MATERIALS AND METHODS
2.1Sample preparation The reagents used in the synthesis of BG were 98% Tetraethyl Orthosilicate (TEOS) and 99% Triethyl Phosphate (TEP) (Sigma-Aldrich, USA), Methanol and Calcium Nitrate (Ca(NO3)2.4H2O) (Synth), Nitric Acid (HNO3) and 33% Ammonium Hydroxide solution (NH4OH) (Merck). Bioactive glass microparticles (BGMPs), with the nominal composition wt % of 60% SiO2, 36% CaO, and 4% P2O5 were prepared as described in previous works  by the acid hydrolysis of the alcoxides. The solids were ground and separated by sieving in the range of 38-150 m.

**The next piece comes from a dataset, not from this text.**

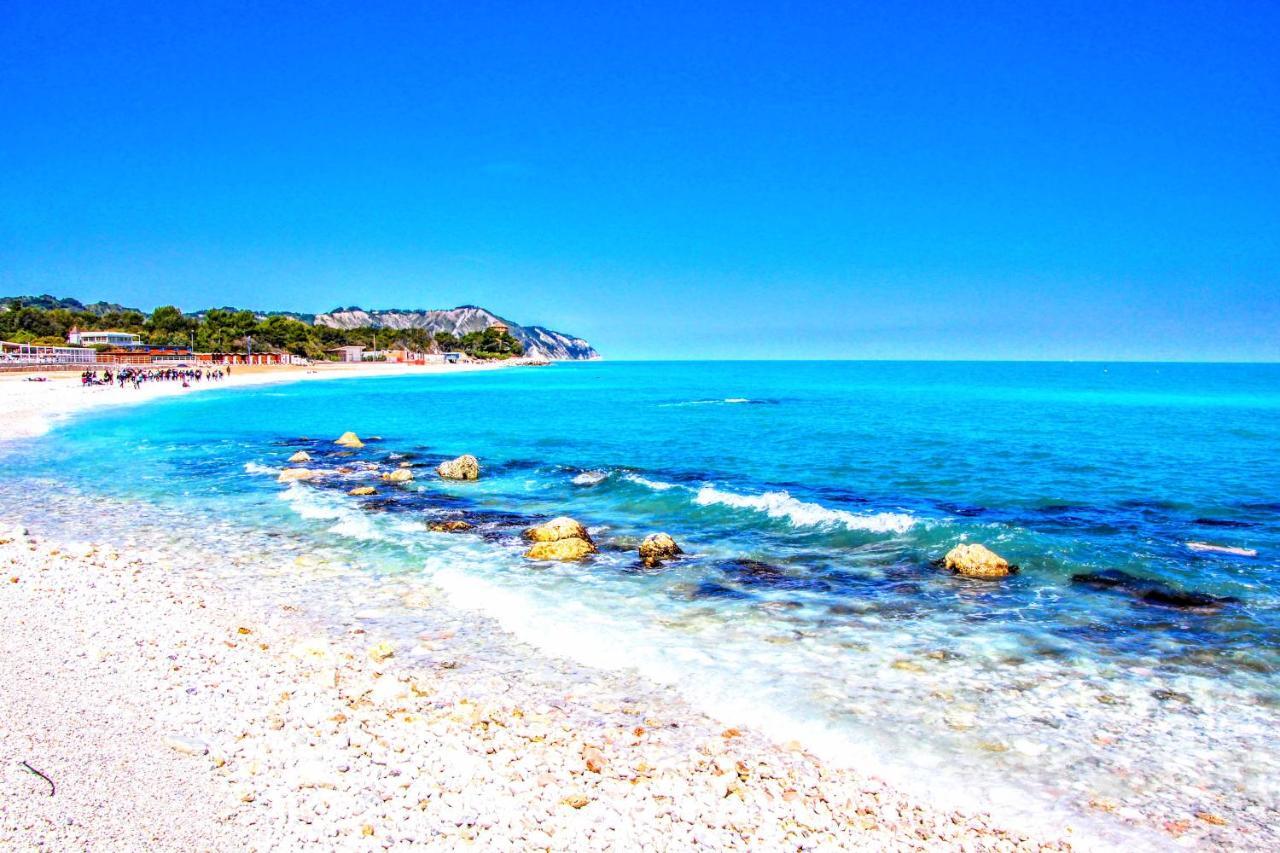 Agriturismo Rosa Antica Monte San Vito Eksteriør billede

The BGNPs were also prepared as described previously  by the mixing of methanol, ammonium hydroxide and water, followed by the addition (dropwise) of TEOS and TEP. The sol was mechanically stirred for 48 h and then placed in an oven at 50°C until the ammonium had been completely evaporated. After, the sol was filtered in a 0.22 m Milipore, and Ca(NO3)2.4H2O was dissolved in the sol and mixed for 24 h. The nanoparticles formed were separated by subsequent filtrations in a 0.22 and 0.11 m Milipore and submitted to freeze drying. The powders obtained were thermally treated at 200ºC for 40 min, at a heating rate of 1ºC/min. At the end of the process, well-dispersed bioactive glass nanoparticles, with an average diameter of (87 ± 5) nm, were obtained without grinding or sieving.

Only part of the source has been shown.